Unscheduled Pod (nodeName = "")
┌───────────────────┐
│   1. FILTERING     │  Eliminate nodes that CAN'T run the pod
│                   │
│   Checks:         │
│   - Sufficient CPU/memory (vs requests)
│   - Node taints tolerated?
│   - nodeSelector / nodeAffinity match?
│   - PodAntiAffinity satisfied?
│   - Node cordoned? (unschedulable)
│   - Port conflicts?
│   - Volume topology constraints?
└────────┬──────────┘
         │  remaining candidate nodes
┌───────────────────┐
│   2. SCORING       │  Rank candidates by preference
│                   │
│   Factors:        │
│   - Resource balance (LeastRequestedPriority)
│   - Pod spread (SelectorSpreadPriority)
│   - Node affinity weight
│   - Pod affinity/anti-affinity weight
│   - Image already present on node
└────────┬──────────┘
   Highest-scoring node wins
   Pod.spec.nodeName = "selected-node"

1.2 When Scheduling Fails

If no node passes filtering, the pod stays Pending:

1
2
3
4
kubectl describe pod <pending-pod> | grep -A5 Events
# Warning  FailedScheduling  0/3 nodes are available:
#   1 node(s) had taint {node-role.kubernetes.io/control-plane: }, that the pod didn't tolerate,
#   2 node(s) didn't match Pod's node affinity/selector

CKA Tip: Always check Events in kubectl describe pod when a pod is stuck in Pending.


2. nodeSelector

The simplest way to constrain a pod to specific nodes. Matches exact node labels.

2.1 Label a Node

1
2
3
4
5
6
7
8
# Add a label
kubectl label node worker-1 disktype=ssd

# Verify
kubectl get nodes --show-labels | grep disktype

# Remove a label
kubectl label node worker-1 disktype-

2.2 Use nodeSelector in a Pod

apiVersion: v1
kind: Pod
metadata:
  name: ssd-pod
spec:
  nodeSelector:
    disktype: ssd
  containers:
  - name: app
    image: nginx
1
2
3
# Imperative (generate YAML, then add nodeSelector)
kubectl run ssd-pod --image=nginx --dry-run=client -o yaml > pod.yaml
# Edit pod.yaml to add nodeSelector

2.3 Built-in Node Labels

Every node has these labels automatically:

Label Example Value
kubernetes.io/hostname worker-1
kubernetes.io/os linux
kubernetes.io/arch amd64
node.kubernetes.io/instance-type m5.large (cloud)
topology.kubernetes.io/zone us-east-1a (cloud)
topology.kubernetes.io/region us-east-1 (cloud)

3. Node Affinity

More expressive than nodeSelector — supports operators, soft/hard preferences, and multiple conditions.

3.1 Required vs Preferred

Type Behavior Equivalent to
requiredDuringSchedulingIgnoredDuringExecution Hard — pod won't schedule if no node matches nodeSelector (but more flexible)
preferredDuringSchedulingIgnoredDuringExecution Soft — scheduler prefers matching nodes but will schedule elsewhere if needed No equivalent

"IgnoredDuringExecution" means if a node's labels change after the pod is scheduled, the pod is NOT evicted. It stays where it is.

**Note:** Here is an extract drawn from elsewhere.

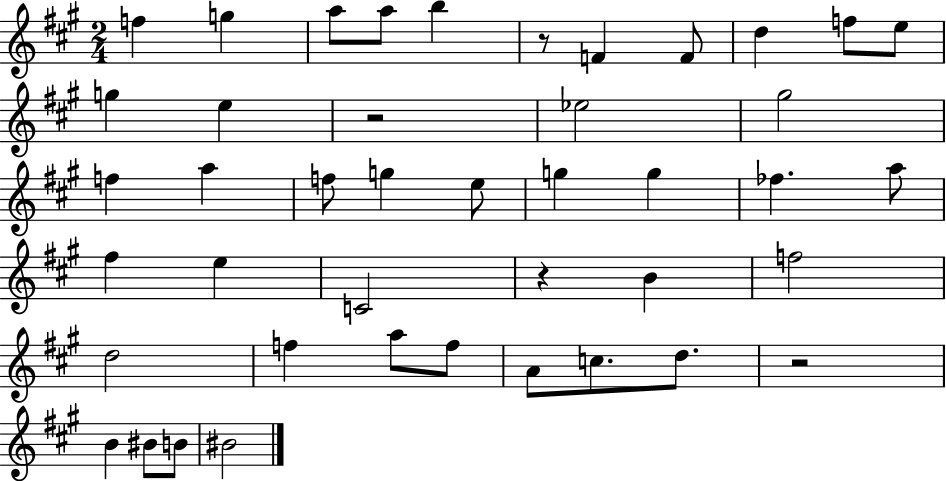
F5/q G5/q A5/e A5/e B5/q R/e F4/q F4/e D5/q F5/e E5/e G5/q E5/q R/h Eb5/h G#5/h F5/q A5/q F5/e G5/q E5/e G5/q G5/q FES5/q. A5/e F#5/q E5/q C4/h R/q B4/q F5/h D5/h F5/q A5/e F5/e A4/e C5/e. D5/e. R/h B4/q BIS4/e B4/e BIS4/h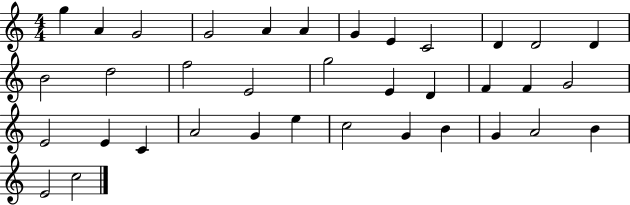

3.2 Required (Hard) Node Affinity

apiVersion: v1
kind: Pod
metadata:
  name: hard-affinity
spec:
  affinity:
    nodeAffinity:
      requiredDuringSchedulingIgnoredDuringExecution:
        nodeSelectorTerms:
        - matchExpressions:
          - key: disktype
            operator: In
            values:
            - ssd
            - nvme
  containers:
  - name: app
    image: nginx

3.3 Preferred (Soft) Node Affinity

apiVersion: v1
kind: Pod
metadata:
  name: soft-affinity
spec:
  affinity:
    nodeAffinity:
      preferredDuringSchedulingIgnoredDuringExecution:
      - weight: 80                    # 1-100, higher = stronger preference
        preference:
          matchExpressions:
          - key: disktype
            operator: In
            values:
            - ssd
      - weight: 20
        preference:
          matchExpressions:
          - key: topology.kubernetes.io/zone
            operator: In
            values:
            - us-east-1a
  containers:
  - name: app
    image: nginx

3.4 Combining Required and Preferred

spec:
  affinity:
    nodeAffinity:
      requiredDuringSchedulingIgnoredDuringExecution:
        nodeSelectorTerms:
        - matchExpressions:
          - key: kubernetes.io/os       # MUST be linux
            operator: In
            values: ["linux"]
      preferredDuringSchedulingIgnoredDuringExecution:
      - weight: 100
        preference:
          matchExpressions:
          - key: disktype               # PREFER ssd
            operator: In
            values: ["ssd"]

3.5 Operators

Operator Meaning
In Label value is in the list
NotIn Label value is NOT in the list
Exists Label key exists (value doesn't matter)
DoesNotExist Label key does NOT exist
Gt Label value is greater than (numeric)
Lt Label value is less than (numeric)

4. Pod Affinity and Anti-Affinity

Controls pod placement relative to other pods, not nodes.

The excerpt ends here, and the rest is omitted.